Every outdoorsman knows what hand warmers are, yet they neglect packing them in their BOB. These small, inexpensive, effective inventions are a great way to reduce risk of frostbite on your hands, feet, or other areas of your body.
To use a hand warmer, most of them require only to be shaken to activate the charcoal inside of them. I’ve used hand warmers multiple times while either hunting, or for my job.
The only downside to these great inventions, is they can cause minor burns if left on exposed skin for too long. If you feel uncomfortable, or a burning sensation where the warmer is, remove the warmer to reduce the risk of burns.
A great brand of hand warmers is HotHands. Although I haven’t tried many other brands, HotHands warmers have never failed me. The best thing about them, is they’re inexpensive and light-weight.

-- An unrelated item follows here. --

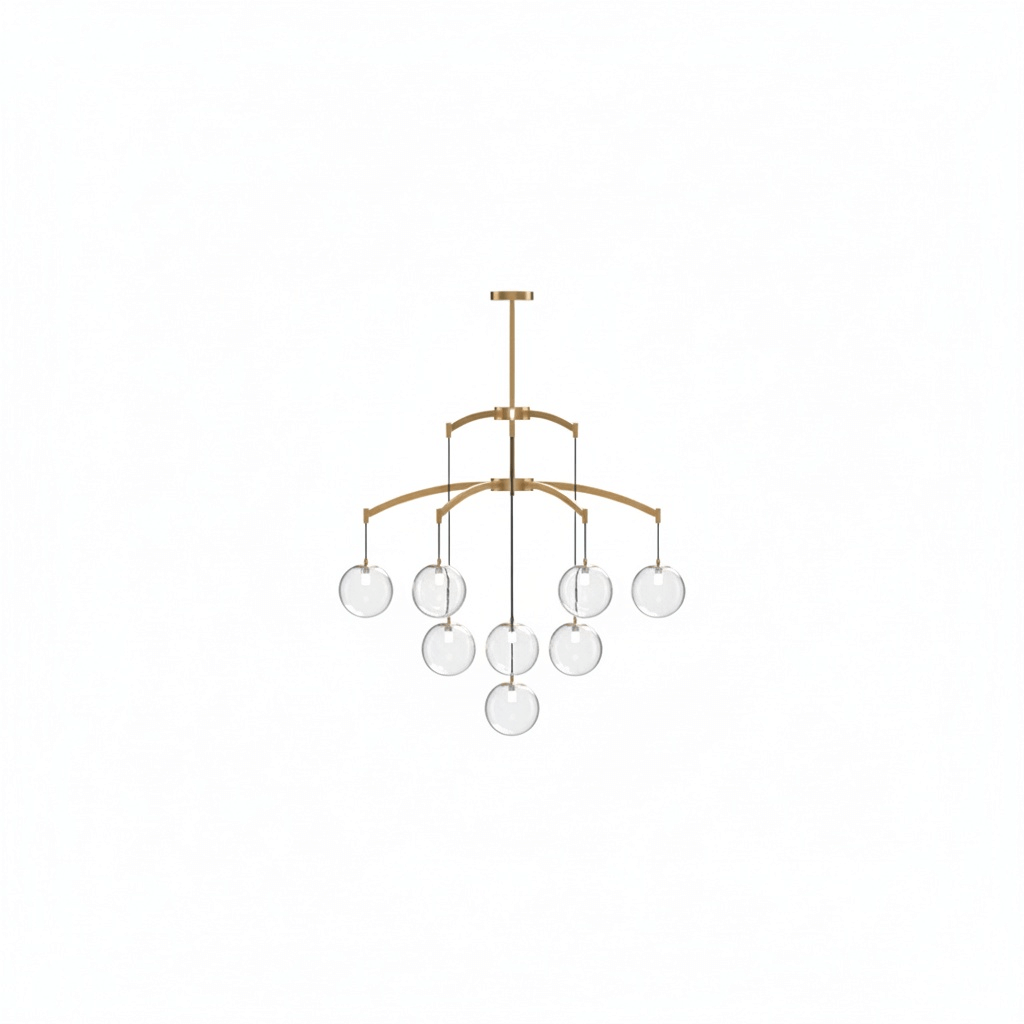 Lámpara de araña Royal Globe – Latón macizo cepillado dorado regulable para sala de estar - Flindria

This makes them a great item to keep in a small pouch of your BOB for quick and easy access if necessary.
During inclement weather, regular matches will more than likely fail you. Therefore, you should ditch regular matches, and get some weather-proof ones. Most of them are inexpensive and light-weight.
Their design allows them to burn hotter once they ignite, allowing them to burn through rain or wind. They also last longer than regular matches, allowing you more time per match to light your fire if necessary.
When it comes to weather-proof matches, UCO Stormproof Matches are a great item to store in your BOB. Costing only $11, these weather-proof matches come with a waterproof case, 25 Stormproof matches, and three strikers (in case one becomes useless).
Even looking at these matches, you can tell that they’re made for quality. After reading reviews, one user even claims that he lit one while exposed to pouring rain and it still stayed lit long enough to start a fire (under a tarp).
Flint and Steel
When in the wilderness, Murphy’s Law (anything that can go wrong, will go wrong) tends to show its ugly face more often than not.
If your primary (or even secondary) ignition source fails you, flint and steel are great tools to keep on standby in your BOB. Never rely on just one item when it comes to a live-saving method of survival like fire.
This method of fire-starting involves the use of two simple objects (flint, and steel) to create sparks that can start a fire if used properly.
To use this method, strike the flint with a steel object in a downward motion toward the object you’re trying to ignite. Usually, you’ll have your wood configured and ready to ignite before you use your flint and steel.
Disclosure: This post has links to 3rd party websites, so I may get a commission if you buy through those links. Survival Sullivan is a participant in the Amazon Services LLC Associates Program. As an Amazon Associate, I earn from qualifying purchases. See my full disclosure for more.
A reliable flint tool is the Überleben Zünden Fire Steel. With a five-star rating on Amazon, and over 400 reviews, it’s no secret that this tool is highly effective in starting fires.
On the Amazon item description, you can see the massive amount of sparks that fly off the flint, proving its reliability. When it comes to flint and steel, there are many brands that are effective and reliable. However, do yourself a favor and don’t get the one that looks like a steel rectangle (it sucks).
Pre-Packed Fire Starters
These are easily the most useful items you could carry in your BOB. They act as a simple, yet effective way to start a fire without having to waste time trying to set fire to the wood directly.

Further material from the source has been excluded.